Bela Lugosi's Dead Pt 1
Posted 04-24-2009 at 10:39 PM by Sam@Cult Labs
Bride of the Monster
Bride of the Monster is an essential movie for all students of trash film making, a classic Z-grade shocker from the master of bad movies, Ed Wood.
Bela Lugosi stars in this poverty stricken sci-fi effort as a mad doctor (is there any other kind?) who kidnaps twelve men and attempts to use atomic energy to turn them into super-humans. A sassy female journalist gets wind of his scheme, heads up to his lair to investigate and now she's in his sights as the experiment unfolds...
Along side his other works of questionable genius, such as Plan 9 From Outer Space and the groundbreaking cross-dressing flick, Glen or Glenda?, Bride of the Monster stands up as a true example of the bad/good auteurism of Ed Wood. If you've seen the biopic with Johnny Depp and are curious about seeing the real movies by this timeless film-maker, there are worse places to start than this. Points must also be given to fading star, Lugosi, who, despite being ravaged by ill health and a debilitating addiction of prescription opiates, pulls off a scenery chewing performance of jaw dropping Gothic camp.
Great example of the poverty row movie. Outside of the major companies in 30s Hollywood existed low rent studios churning out B pictures such as this dubious classic. Typical of the first run of zombie pictures, White Zombie takes a Caribbean setting and infuses it with voodoo and ritual. These cheap knock offs have a lot in common with the Boy's Own jungle movies of the time, which means you'll be treated to some dated racial stereotypes, but if you're politically correct temperament can stomach that, you're in for a melodramatic treat.

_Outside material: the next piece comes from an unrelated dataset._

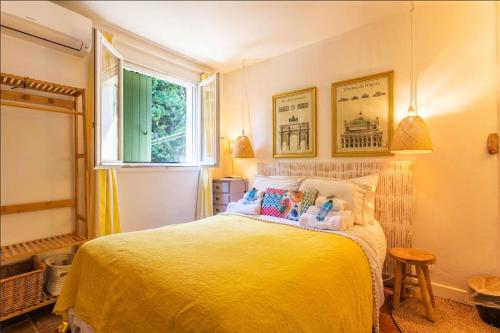 une chambre avec un lit jaune avec une fenêtre dans l'établissement Villa Jean-Pierre. Infinity pool and view in Tourrettes-sur-Loup, à Tourrettes-sur-Loup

Bela Lugosi plays a plantation owner who zombifies the locals in order to set them to work as slaves. A young couple start snooping around and soon the beautiful young girl is transformed into a blank eyed ghoul. This is cheap B-movie hack work featuring lots of standing about talking plot, but has some great moments, like the first time we see the ghouls at work and of course, Lugosi is fantastic in his sinister role. White Zombie is a must for retro horror nuts.
The Invisible Ghost
Bela Lugosi's career dipped after the initial successful run of Universal Horror pictures, reducing him to roles in some of the real stinkers being churned out by the Poverty Row studios. Luckily, these cheapskate production houses occasionally struck cinematic oil, creating a few memorable gothic yarns such as the aforementioned White Zombie and this battered but beautiful yarn, Invisible Ghost.
Lugosi is Charles Kessler, a guy going slowly mad because his wife has run off with another man. Unknown to Kessler, his wife has been mentally damaged by an accident and is being cared for secretly by his gardener. By night, she sneaks out to stare through Kessler's windows. When he sees her he becomes hypnotized and sets out to murder a houseguest! The house's population is in serious decline as Lugosi's sleepwalking killing spree reaches it's peak. Only the police can stop him now, if he doesn't kill them first...
Although, in keeping with these kind of low budget programme fillers, it's short on plot and, Lugosi aside, decent acting, the film works because of it's haunting atmosphere with the creepy old house adding to the ghostly chill.